Recommendations for Executive Action: 

To improve the consistency and usefulness of the integrity management 
performance measures, we are recommending that the Secretary of 
Transportation direct the Administrator for the Pipeline and Hazardous 
Materials Safety Administration to take the following two actions: 

* revise the definition of a reportable incident to consider changes in 
the price of natural gas and: 

* establish consistent categories of causes for incidents and leaks on 
all gas pipeline reports. 

Agency Comments and Our Evaluation: 

We provided a draft of this report to DOT for review and comment. We 
received oral comments from DOT officials, including the Assistant 
Administrator and Chief Safety Officer of PHMSA. The officials 
generally agreed with the report's findings and recommendations. They 
agreed with the need to revise the definition of a reportable gas 
transmission pipeline incident, noting that doing so provides a more 
realistic and consistent basis for reporting. PHMSA has already begun 
informal discussions with various parties on this issue and expects to 
initiate the rule making necessary to change the definition of a 
reportable gas incident soon. The officials also agreed with the 
recommendation to have consistent categories of causes for incidents 
and leaks for all gas pipeline reports. PHMSA is evaluating several 
alternatives to reconcile the differences in the categories and expects 
to initiate action to implement this recommendation. 

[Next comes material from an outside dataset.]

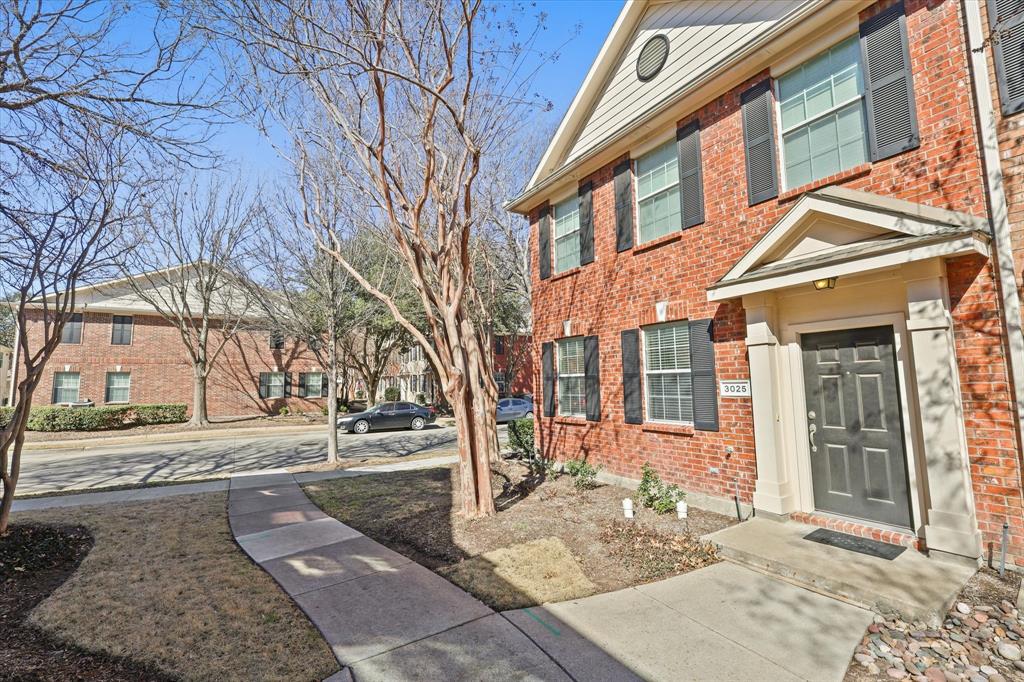 Pasquinellis Village On The Green - Residential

We are sending copies of this report to congressional committees and 
subcommittees with responsibility for transportation safety issues; the 
Secretary of Transportation; the Administrator, PHMSA; the Assistant 
Administrator and Chief Safety Officer, PHMSA; and the Director, Office 
of Management and Budget. We will also make copies available to others 
upon request. This report will be available at no charge on the GAO Web 
site at [Hyperlink, http://www.gao.gov]. 

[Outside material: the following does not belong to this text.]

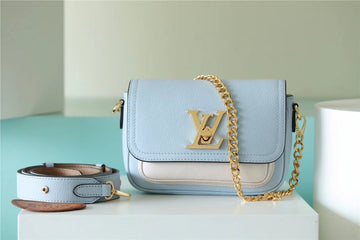 LV Lockme Ttlmder Light Blue For Womtlm, Womtlm’s Handbags, Shoulder And Crossbody Bags 7.5in/19cm LV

If you have any questions about this report, please contact me at 
siggerudk@gao.gov or (202) 512-2834. Contact points for our offices of 
Congressional Relations and Public Affairs may be found on the last 
page of this report. Staff who made key contributions to this report 
are listed in appendix III. 

Signed by: 

Katherine A. Siggerud: 
Director, Physical Infrastructure Issues: 

Congressional Committees: 

The Honorable Ted Stevens: 
Chairman: 
The Honorable Daniel K. Inouye: 
Co- Chairman: 
Committee on Commerce, Science and Transportation: 
United States Senate: 

The Honorable Don Young: 
Chairman: 
The Honorable James L. Oberstar: 
Ranking Democratic Member: 
Committee on Transportation and Infrastructure: 
House of Representatives: 

The Honorable Joe Barton: 
Chairman: 
The Honorable John D. Dingell: 
Ranking Minority Member: 
Committee on Energy and Commerce: 
House of Representatives: 

[End of section] 

Appendix I: Scope and Methodology: 

The Pipeline Safety Improvement Act of 2002 directed GAO to assess the 
effects on public safety stemming from the gas transmission pipeline 
integrity management program. Accordingly, the objectives of our report 
were to examine (1) the effect on public safety of the gas transmission 
pipeline integrity management program and (2) the plans of the Pipeline 
and Hazardous Materials Safety Administration (PHMSA) and state 
pipeline safety agencies to oversee gas transmission pipeline 
operators' implementation of integrity management requirements. To 
address these objectives, we reviewed laws, regulations, performance 
measure data, and PHMSA guidance and inspection reports related to the 
gas integrity management program. We also interviewed PHMSA officials 
and representatives from gas pipeline trade associations, pipeline 
safety advocacy groups, state pipeline agencies, and gas transmission 
pipeline operators. In addition, we reviewed prior GAO reports related 
to pipeline safety. 

To determine the effect that the gas integrity management program 
requirements have had on public safety, we analyzed how those 
requirements compare with minimum safety requirements to understand 
what additional requirements operators were subject to as a result of 
integrity management. We discussed with PHMSA officials how the 
regulations were designed and developed to improve public safety. Since 
the integrity management requirements apply to a relatively small 
percentage of all transmission pipeline miles--about 7 percent--we 
estimated the percentage of the population living along pipelines that 
should receive additional protection as a result of integrity 
management because they are located in highly populated areas. We used 
Census data to estimate the percentage of the population that lives 
within 660 feet of a transmission pipeline that are located in urban 
areas, which would be considered highly populated areas. We used Census 
data to identify highly populated areas because the specific locations 
that operators have identified as high consequence areas were not 
readily available. Operators have identified a total of 20,294 miles of 
gas transmission pipelines in high consequence areas, and we have 
likewise identified a total of about 22,000 miles of pipelines in 
highly populated areas. Therefore, our estimate of pipelines in highly 
populated areas is a reasonable approximation of the pipelines in high 
consequence areas. 

To identify and understand the benefits and challenges the operators 
face in developing and implementing their integrity management 
programs, we contacted 51 gas transmission pipeline operators to 
discuss their experiences and views on the program. We selected a range 
of operators with either large or small numbers of transmission 
pipeline miles since this could indicate the level of resources a 
particular operator would have to draw from to develop its integrity 
management program. We also selected operators based on a mixture of 
interstate and intrastate operators and considered the proportion of 
pipeline miles that each operator had in high consequence areas in our 
selection process. The information that we obtained from these 
operators is not generalizable to all gas transmission pipeline 
operators. We also discussed the integrity management program and its 
requirements with gas pipeline trade associations, pipeline safety 
advocacy groups, and state pipeline agencies to obtain their opinions 
on the benefits, challenges, and performance measures of the program. 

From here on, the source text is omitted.